It's really weird, science has pretty much figured out the maths of how to fish a stock sustainably, and doing so would give good yields for the forseeable future (climate change may have an impact). However in most regions the industry and politics alwas keep setting quotas too high, with ever decreasing yields that end in a stock collapse. And this is not in developing nations with other problems, the latest example is the cod stock collapse in the Baltic Sea.


And yet the fishing industry didn't collapse!

After 20+ years, you need to realize the doomsayers were wrong.


Species like thresher, bull and hammerhead sharks have lost up to 80-99% of their populations in the last two decades.

Seabird populations have declined by 70% since the 1950's.

Studies estimate that up to 40% of all marine life caught is thrown overboard as bycatch.

Six out of seven species of sea turtles are either threatened or endangered due to fishing.

Over 300,000 whales, dolphins and porpoises are killed as bycatch every year.

2.7 trillion fish are caught every year, or up to 5 million caught every minute.

Fish populations are in decline to near extinction.

https://www.seaspiracy.org/facts


Seaspiracy is not a credible source.


Fish biomass bottomed at the end of the 90s, which resulted in a bunch of changes in how large-scale fishing happens around the world: https://www.pnas.org/doi/10.1073/pnas.1909726116

This mostly fixed the problem but demand keeps on increasing along with changes to water temperature, so local collapses in specific populations are becoming a big problem again.


There is a very long list of collapsed fish stocks. The industry is only saved by fishing down the food chain and exploiting new species, which are often harder to catch, helped by techonology.


I think many newfoundlanders that had to abandon their old fishing towns forever would be quite surprised to hear that the doomsayers were wrong.


Well there is a bias at play that we’ll never hear about fisheries recovering. That’s not going to make headline.

I wonder if fisheries recover? For example what’s the state of North Atlantic fisheries?


From the wikipedia article, sounds like not great, although some signs it _could_ recover in the near future if left alone -- which we are unlikely to do, because every time it starts to look like it might recover, we just overfish it again.

Wikipedia ends it's history with:

https://en.wikipedia.org/wiki/Collapse_of_the_Atlantic_north...

> In 2015, two reports on cod fishery recovery suggested stocks may have recovered somewhat.[56][2][57]

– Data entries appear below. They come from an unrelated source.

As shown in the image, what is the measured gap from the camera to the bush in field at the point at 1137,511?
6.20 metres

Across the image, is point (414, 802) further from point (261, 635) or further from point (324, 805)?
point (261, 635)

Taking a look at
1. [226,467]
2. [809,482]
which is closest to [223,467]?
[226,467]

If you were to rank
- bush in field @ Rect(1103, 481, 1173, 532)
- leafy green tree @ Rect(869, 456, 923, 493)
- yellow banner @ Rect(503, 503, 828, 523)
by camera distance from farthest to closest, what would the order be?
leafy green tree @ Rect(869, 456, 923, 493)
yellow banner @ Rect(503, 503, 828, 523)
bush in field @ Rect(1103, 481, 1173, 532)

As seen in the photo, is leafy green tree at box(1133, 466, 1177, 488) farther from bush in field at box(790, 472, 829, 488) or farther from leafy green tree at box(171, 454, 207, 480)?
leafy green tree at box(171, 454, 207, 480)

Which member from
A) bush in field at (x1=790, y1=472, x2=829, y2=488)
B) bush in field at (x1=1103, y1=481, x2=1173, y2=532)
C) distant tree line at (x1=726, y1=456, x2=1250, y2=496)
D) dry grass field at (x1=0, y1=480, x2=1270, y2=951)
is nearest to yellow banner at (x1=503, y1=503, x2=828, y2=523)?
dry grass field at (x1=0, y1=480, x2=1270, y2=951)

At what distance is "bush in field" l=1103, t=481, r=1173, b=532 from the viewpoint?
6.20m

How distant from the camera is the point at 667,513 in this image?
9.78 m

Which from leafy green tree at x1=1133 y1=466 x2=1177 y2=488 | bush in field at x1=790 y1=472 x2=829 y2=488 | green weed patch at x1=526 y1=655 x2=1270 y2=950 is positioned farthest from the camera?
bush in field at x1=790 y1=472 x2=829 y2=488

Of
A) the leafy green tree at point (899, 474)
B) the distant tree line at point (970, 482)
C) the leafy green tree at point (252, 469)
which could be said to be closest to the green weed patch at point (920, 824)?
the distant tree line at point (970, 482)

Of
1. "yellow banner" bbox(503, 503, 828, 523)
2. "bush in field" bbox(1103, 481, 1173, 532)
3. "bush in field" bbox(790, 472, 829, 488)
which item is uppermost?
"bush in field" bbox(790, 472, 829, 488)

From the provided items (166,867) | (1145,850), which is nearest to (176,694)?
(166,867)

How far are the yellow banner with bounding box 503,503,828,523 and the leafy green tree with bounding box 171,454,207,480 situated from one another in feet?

> A Canadian scientist reported that, cod were increasing in numbers, health, normalizing in maturity and behavior, and offered a promising estimate of increased biomass in particular areas.[2]

> A US report suggested that a failure to consider reduced resilience of cod populations due to increased mortality in warming surface water of the Gulf of Maine had led to overfishing despite regulation. Thus, overestimates of stock biomass due to generalization of local estimates and ignorance of environmental factors in the growth or recovery potential of a cod fishery would lead to mismanagement and further collapse of stocks, through further unsustainable quotas, as in the past.[58][59]

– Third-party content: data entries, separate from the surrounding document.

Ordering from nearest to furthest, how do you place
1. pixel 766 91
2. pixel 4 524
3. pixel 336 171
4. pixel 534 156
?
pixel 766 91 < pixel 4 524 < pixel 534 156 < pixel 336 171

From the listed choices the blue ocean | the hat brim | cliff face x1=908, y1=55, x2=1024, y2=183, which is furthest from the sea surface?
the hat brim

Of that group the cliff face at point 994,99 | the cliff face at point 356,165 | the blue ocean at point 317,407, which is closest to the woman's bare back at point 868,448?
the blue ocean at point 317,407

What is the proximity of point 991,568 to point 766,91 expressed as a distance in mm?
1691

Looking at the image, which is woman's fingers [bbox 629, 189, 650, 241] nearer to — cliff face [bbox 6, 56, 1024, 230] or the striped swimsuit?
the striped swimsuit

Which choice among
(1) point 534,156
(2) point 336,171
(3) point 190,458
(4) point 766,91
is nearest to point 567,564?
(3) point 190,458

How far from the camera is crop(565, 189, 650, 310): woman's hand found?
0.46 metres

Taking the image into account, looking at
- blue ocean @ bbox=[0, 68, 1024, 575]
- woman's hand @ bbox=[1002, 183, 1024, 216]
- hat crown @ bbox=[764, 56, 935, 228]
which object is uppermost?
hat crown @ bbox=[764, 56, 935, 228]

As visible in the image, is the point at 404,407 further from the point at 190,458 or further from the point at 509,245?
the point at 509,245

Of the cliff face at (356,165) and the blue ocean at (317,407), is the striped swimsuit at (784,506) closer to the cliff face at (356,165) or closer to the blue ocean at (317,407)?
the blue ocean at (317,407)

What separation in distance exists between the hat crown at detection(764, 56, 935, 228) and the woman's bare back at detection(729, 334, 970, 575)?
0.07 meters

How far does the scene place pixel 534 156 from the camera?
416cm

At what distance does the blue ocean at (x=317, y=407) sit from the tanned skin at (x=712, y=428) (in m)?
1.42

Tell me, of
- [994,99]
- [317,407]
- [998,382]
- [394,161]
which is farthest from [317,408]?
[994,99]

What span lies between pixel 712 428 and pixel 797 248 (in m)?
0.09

> In June 2018, the federal government reduced the cod quota, finding that the cod stocks had fallen again after just two years of fair catches.

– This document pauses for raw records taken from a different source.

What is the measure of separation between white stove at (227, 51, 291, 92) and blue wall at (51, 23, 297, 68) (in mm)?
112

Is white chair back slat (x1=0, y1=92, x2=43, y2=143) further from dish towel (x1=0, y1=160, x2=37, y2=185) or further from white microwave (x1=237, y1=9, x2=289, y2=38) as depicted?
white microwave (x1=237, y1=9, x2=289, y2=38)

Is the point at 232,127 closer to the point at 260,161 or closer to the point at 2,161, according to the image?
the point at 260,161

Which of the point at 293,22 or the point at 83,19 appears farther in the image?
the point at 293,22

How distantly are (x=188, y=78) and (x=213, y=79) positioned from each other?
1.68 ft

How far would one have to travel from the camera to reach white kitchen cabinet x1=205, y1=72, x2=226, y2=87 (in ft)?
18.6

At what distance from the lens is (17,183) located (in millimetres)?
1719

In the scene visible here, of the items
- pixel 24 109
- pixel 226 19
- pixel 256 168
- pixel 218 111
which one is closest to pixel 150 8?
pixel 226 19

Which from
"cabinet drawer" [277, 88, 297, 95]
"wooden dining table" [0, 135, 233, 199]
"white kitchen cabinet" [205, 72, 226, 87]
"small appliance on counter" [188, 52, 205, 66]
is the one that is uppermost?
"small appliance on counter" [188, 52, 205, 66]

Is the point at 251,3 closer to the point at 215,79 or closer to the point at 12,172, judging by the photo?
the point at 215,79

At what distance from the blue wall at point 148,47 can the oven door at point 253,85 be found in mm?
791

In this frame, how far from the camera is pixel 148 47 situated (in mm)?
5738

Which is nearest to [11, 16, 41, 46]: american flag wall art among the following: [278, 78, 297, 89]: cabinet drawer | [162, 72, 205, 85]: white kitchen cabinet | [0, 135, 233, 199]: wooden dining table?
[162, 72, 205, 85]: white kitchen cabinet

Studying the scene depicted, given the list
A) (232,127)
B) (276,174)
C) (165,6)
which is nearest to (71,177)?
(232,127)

Apparently still not well. With similar themes

> The trawlers also caught enormous amounts of non-commercial fish, which were economically unimportant but very important ecologically.

https://en.m.wikipedia.org/wiki/Collapse_of_the_Atlantic_nor...


oh I don't know about that... coincidentally we got an article about a recovering fish stock very recently.

https://hakaimagazine.com/features/in-cods-shadow-redfish-ri...

While people are clearly happy about the return of this fish, seems clear there's a lot of uncertainty around what to do next and whether fishing for it is a good idea.


It's tough to talk about North Atlantic fisheries in aggregate. Some are reasonably healthy, others are still collapsed. Cod is just starting to rebound.